Gallacher had moved 30 yards alone with the ball in the 59th minute. The situation presented itself after a rare miscue by U.S. defender Eddie Pope just inside the attacking zone. Pope said he was trying to chip the ball over Gallacher.

"It's a game of mistakes," Pope said afterward, shaking his head.

Eric Wynalda, first choice as U.S. goal-getter but still off his game while coming back from knee surgery, also nearly won it for the Americans with about 17 minutes left.

Fed by Cobi Jones, he penetrated to the right end line inside the box, cut goalward and shot high for the far post from a nearly impossible angle. The ball whizzed past the corner by inches.

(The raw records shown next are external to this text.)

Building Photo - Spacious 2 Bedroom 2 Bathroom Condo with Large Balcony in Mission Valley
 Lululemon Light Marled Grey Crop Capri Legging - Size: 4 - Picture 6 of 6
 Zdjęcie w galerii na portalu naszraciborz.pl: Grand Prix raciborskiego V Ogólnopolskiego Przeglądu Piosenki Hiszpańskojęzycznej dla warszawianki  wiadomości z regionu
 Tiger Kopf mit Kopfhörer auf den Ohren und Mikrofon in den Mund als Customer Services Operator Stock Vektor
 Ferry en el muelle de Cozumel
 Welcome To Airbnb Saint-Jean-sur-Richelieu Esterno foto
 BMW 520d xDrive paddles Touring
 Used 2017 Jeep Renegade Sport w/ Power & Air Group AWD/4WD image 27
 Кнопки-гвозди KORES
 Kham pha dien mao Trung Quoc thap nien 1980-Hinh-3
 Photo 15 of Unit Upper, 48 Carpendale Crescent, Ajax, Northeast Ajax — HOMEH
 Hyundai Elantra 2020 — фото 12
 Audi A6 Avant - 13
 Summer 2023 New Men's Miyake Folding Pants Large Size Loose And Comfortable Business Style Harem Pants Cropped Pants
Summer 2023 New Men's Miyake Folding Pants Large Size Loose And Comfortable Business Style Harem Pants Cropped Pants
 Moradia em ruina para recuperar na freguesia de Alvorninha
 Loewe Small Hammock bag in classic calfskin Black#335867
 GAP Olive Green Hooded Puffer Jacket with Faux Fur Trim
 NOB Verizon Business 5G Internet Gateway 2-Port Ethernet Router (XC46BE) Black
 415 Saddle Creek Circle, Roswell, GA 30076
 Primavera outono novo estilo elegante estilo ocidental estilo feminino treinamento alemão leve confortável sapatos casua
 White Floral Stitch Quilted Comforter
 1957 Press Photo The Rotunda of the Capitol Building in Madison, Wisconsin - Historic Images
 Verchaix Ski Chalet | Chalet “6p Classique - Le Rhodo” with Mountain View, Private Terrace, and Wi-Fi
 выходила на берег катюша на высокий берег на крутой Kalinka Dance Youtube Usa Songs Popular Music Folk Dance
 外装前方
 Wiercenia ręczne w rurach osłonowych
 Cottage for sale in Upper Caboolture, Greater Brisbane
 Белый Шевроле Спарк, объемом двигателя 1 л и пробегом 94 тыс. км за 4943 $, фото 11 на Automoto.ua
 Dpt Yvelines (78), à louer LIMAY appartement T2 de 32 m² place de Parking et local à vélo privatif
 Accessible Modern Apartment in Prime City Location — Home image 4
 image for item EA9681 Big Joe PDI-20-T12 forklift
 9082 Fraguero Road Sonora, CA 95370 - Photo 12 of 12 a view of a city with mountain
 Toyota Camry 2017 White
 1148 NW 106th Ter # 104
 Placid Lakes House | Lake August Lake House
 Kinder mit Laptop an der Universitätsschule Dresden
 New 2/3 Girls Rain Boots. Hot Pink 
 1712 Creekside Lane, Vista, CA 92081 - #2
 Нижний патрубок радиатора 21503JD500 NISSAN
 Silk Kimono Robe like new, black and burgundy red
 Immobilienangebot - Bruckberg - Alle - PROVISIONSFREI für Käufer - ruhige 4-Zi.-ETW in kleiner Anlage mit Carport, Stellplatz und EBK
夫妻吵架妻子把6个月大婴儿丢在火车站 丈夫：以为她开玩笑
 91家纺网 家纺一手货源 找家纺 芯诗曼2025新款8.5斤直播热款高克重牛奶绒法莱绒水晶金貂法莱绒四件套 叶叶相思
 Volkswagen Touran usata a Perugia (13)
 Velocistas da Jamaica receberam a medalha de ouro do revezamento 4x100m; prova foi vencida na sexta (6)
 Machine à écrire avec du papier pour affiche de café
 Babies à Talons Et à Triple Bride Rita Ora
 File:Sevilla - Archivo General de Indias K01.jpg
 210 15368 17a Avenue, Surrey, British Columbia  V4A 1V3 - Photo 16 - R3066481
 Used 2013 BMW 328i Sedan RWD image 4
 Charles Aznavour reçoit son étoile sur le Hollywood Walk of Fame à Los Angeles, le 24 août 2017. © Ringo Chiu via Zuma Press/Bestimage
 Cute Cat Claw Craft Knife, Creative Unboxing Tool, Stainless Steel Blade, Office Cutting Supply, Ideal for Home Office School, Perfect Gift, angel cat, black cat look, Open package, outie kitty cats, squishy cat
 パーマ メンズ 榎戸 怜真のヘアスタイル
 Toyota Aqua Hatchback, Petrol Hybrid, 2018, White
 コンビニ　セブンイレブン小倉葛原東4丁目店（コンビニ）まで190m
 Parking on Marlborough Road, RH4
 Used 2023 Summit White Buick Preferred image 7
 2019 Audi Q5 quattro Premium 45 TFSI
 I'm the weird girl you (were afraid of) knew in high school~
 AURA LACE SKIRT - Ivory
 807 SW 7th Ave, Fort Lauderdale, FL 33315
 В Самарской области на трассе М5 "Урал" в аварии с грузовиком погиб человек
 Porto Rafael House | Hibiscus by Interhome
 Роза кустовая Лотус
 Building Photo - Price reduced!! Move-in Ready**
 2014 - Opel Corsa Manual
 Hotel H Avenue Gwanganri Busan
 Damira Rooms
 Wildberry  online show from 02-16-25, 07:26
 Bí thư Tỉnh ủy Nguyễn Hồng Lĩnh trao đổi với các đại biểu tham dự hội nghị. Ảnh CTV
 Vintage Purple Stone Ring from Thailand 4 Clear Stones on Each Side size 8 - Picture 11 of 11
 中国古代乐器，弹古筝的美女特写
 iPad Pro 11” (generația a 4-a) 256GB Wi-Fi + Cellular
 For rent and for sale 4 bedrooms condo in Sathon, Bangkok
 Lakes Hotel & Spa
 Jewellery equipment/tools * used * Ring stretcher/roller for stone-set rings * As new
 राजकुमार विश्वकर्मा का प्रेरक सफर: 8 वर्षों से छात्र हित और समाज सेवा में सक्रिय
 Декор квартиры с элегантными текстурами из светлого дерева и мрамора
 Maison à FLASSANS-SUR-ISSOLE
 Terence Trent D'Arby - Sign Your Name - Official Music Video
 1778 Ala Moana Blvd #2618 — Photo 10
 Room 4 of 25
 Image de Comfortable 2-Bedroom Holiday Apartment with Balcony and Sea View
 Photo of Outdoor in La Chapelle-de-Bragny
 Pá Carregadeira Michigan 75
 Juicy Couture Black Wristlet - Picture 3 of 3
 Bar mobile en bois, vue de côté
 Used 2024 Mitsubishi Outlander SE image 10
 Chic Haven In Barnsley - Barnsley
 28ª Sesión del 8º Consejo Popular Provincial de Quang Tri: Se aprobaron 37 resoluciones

In the end, the statistics reflected play: shots, 9-8, U.S.; saves, 3-2, U.S.; corner kicks, 4-3, Scotland; fouls, 14-13, U.S.

In the first half, play in the heat slowed as the game progressed, with the Scots obviously happy to control the ball in their territory, looking only for the safest routes into attacking position. Their first serious shot didn't come until the 29th minute, that a long header over the crossbar.

The U.S. team, on the other hand, got a decent offensive workout, outshooting the Scots 6-2 and creating the half's best chances; Wegerle's shot was the best one.

A few minutes later, U.S. midfielder Joe-Max Moore had a golden chance, too, timing a run into the box perfectly to capture a beautiful low cross that Jones scorched from the left touchline to the far post. But Scottish goalkeeper Jim Leighton tipped Moore's hard shot over the bar.

A positive for the Americans, without a doubt, was the team's fourth consecutive shutout, tying an all-time team record. On the downside, though, they again created numerous scoring chances but couldn't finish.

Adjustments to avoid, or because of, injuries continue to hurt the squad's offense, and while Sampson said afterward that he still is not worried about scoring, he also noted that in the team's last three warm-ups for France, he still has been unable to field his entire likely starting team.

U.S. Cup schedule

The United States' first-round schedule at the World Cup in France (times EDT):

Date .. Opponent .. .. .. Site .. .. .. .. Time

6/15 .. Germany .. .. ... Paris . .. .. .. 3 p.m.

6/21 .. Iran .. .. .. ... Lyon .. .. .. .. 3 p.m.

6/25 .. Yugoslavia .. ... Nantes .. .. ... 3 p.m.